Do you agree with James Heckman, a Nobel prize-winning economist, that the low test scores of Blacks is due to poverty during their preschool years?

At ages five and six, the average black student is behind 85 percent of whites on test scores.

That pattern convinced James Heckman that traditional methods of school reform came too late in a child’s life to make much difference. He concluded that “schools and school quality contribute little to the emergence of test-score gaps among children.” He therefore urged reformers to “catch ‘em young,” and focus on the pre-kindergarten years when children are three- and four-years-old, and even on children from birth to age three.

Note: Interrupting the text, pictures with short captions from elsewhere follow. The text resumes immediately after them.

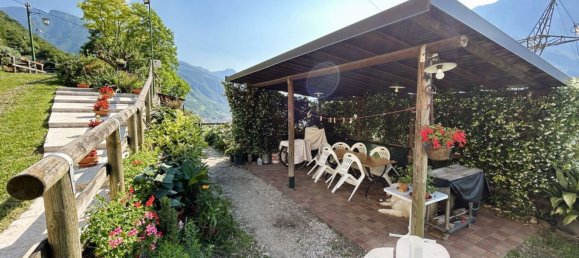 7 rooms Villa in Ala, Italy No. 72637 19
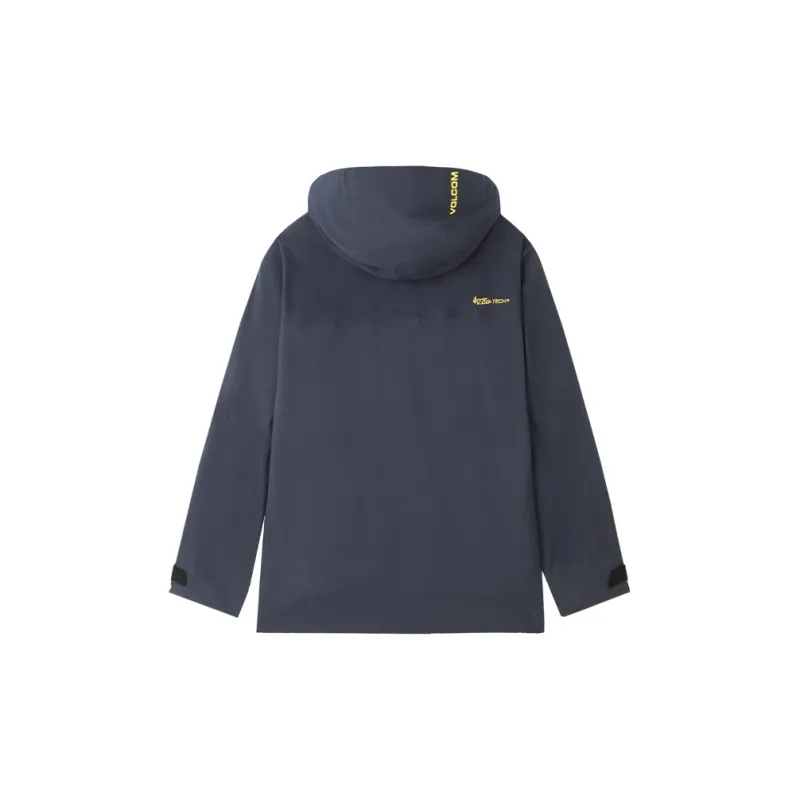 VOLCOM Jackets Unisex-13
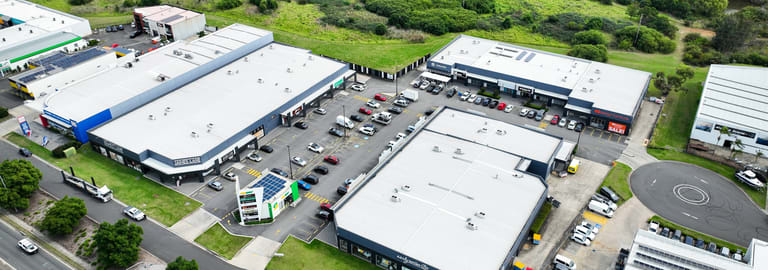 Showrooms / Bulky Goods commercial property for lease at Unit 3/17 Blaxland Service Way Campbelltown NSW 2560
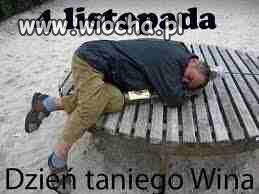 A 4 listopada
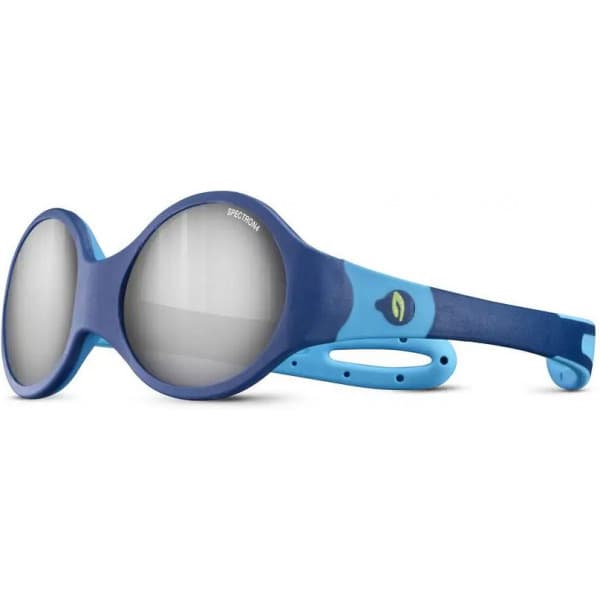 Julbo LOOP M -solbriller, sky blue
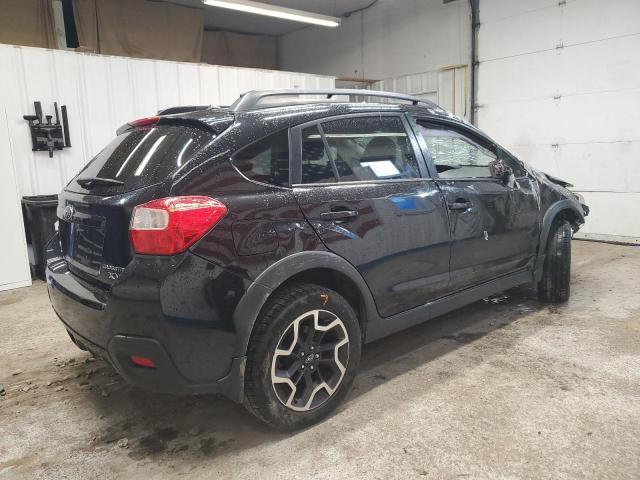 Фото 3 - SUBARU CROSSTREK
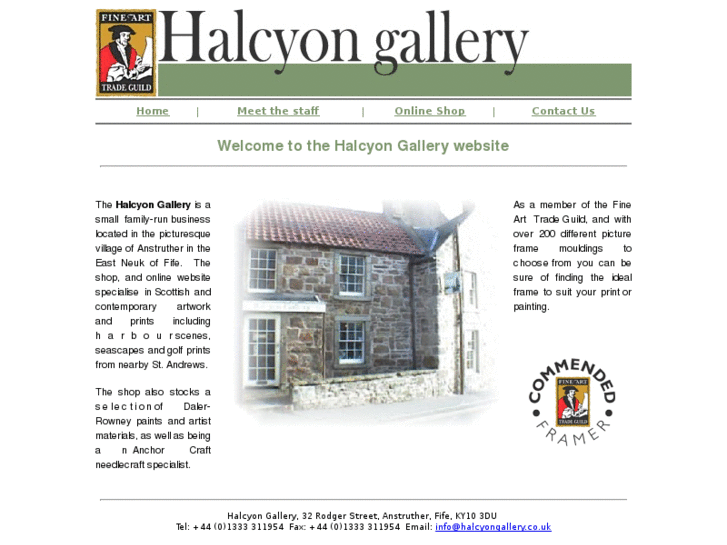 www.halcyongallery.co.uk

Prof. Heckman based this approach on studies of enrichment programs for children in poverty who were followed until they were adults. The most influential of these programs was at the Perry Preschool in Ypsilanti, Michigan. From 1962 to 1967, Perry provided three-year-old poor black children with two and a half hours of daily preschool. Perry also placed teachers with advanced degrees in the children’s homes, where they spent 90 minutes each week instructing the Perry parents on child rearing. The Perry students were then compared with a control group at ages 14, 15, 19, 27, and 40.

The follow-up studies suggested that the children who attended Perry and whose parents received home visits were more likely to graduate from high school and less likely to go to jail. The Perry girls were less likely to become pregnant as teenagers, and the Perry boys earned more money than boys in the control group. After comparing the Perry students’ outcomes with those of the control group, Heckman calculated that the economic benefits of early childhood education yielded “rates of return are [from] 15% to 17%. The benefit-cost ratio is eight to one.”

Do you agree with James Heckman, a Nobel prize-winning economist, that the low test scores of Blacks is due to poverty during their preschool years?